→ **ACTIVITY**
Where the data below contains pictures, omit them; output the rest word for word.

→ **DATASET CONTENT**
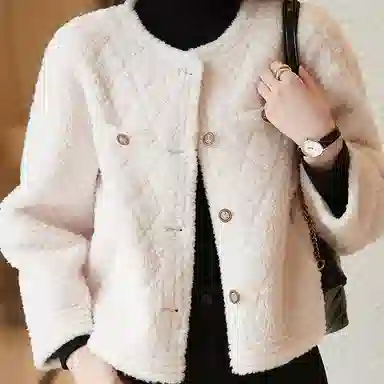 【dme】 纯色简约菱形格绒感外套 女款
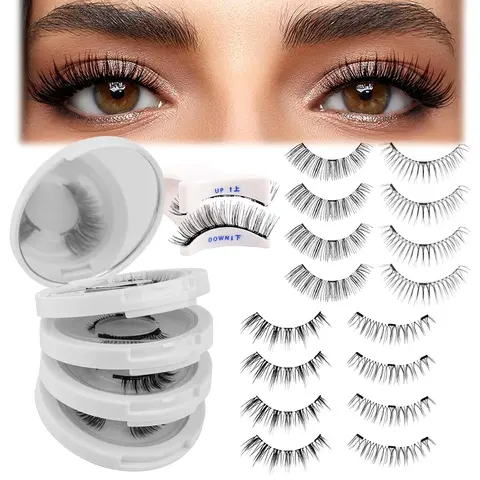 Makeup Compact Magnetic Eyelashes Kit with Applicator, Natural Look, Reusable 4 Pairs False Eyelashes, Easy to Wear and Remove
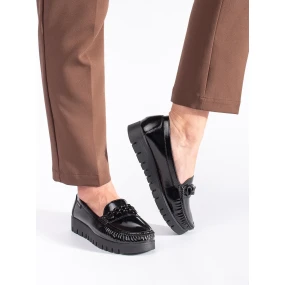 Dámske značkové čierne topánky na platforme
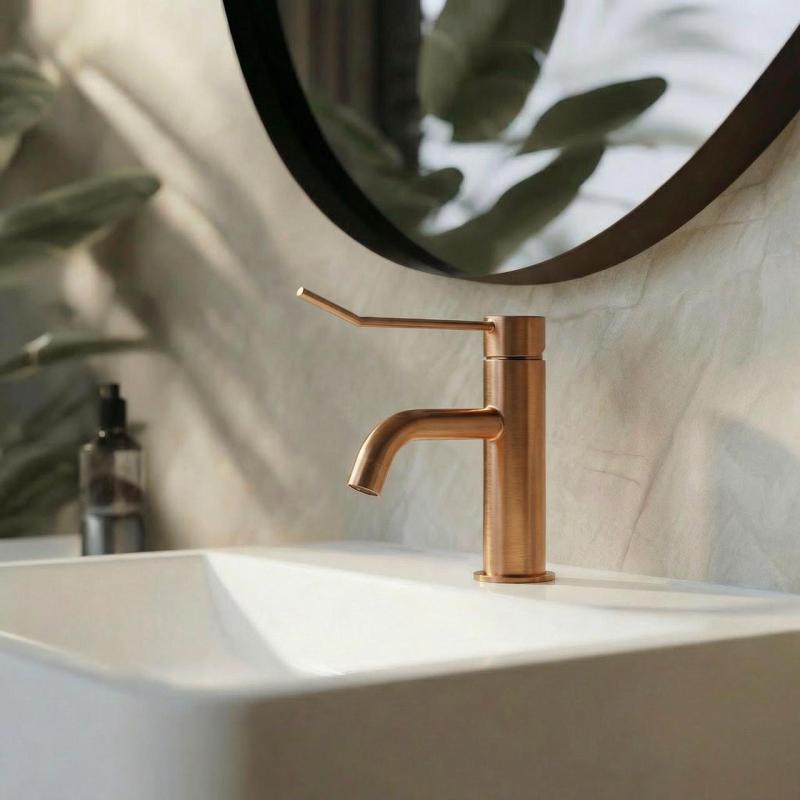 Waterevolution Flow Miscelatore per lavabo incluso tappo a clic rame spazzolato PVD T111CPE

→ **RESULT FOR THIS TASK**
 【dme】 纯色简约菱形格绒感外套 女款
 Makeup Compact Magnetic Eyelashes Kit with Applicator, Natural Look, Reusable 4 Pairs False Eyelashes, Easy to Wear and Remove
 Dámske značkové čierne topánky na platforme
 Waterevolution Flow Miscelatore per lavabo incluso tappo a clic rame spazzolato PVD T111CPE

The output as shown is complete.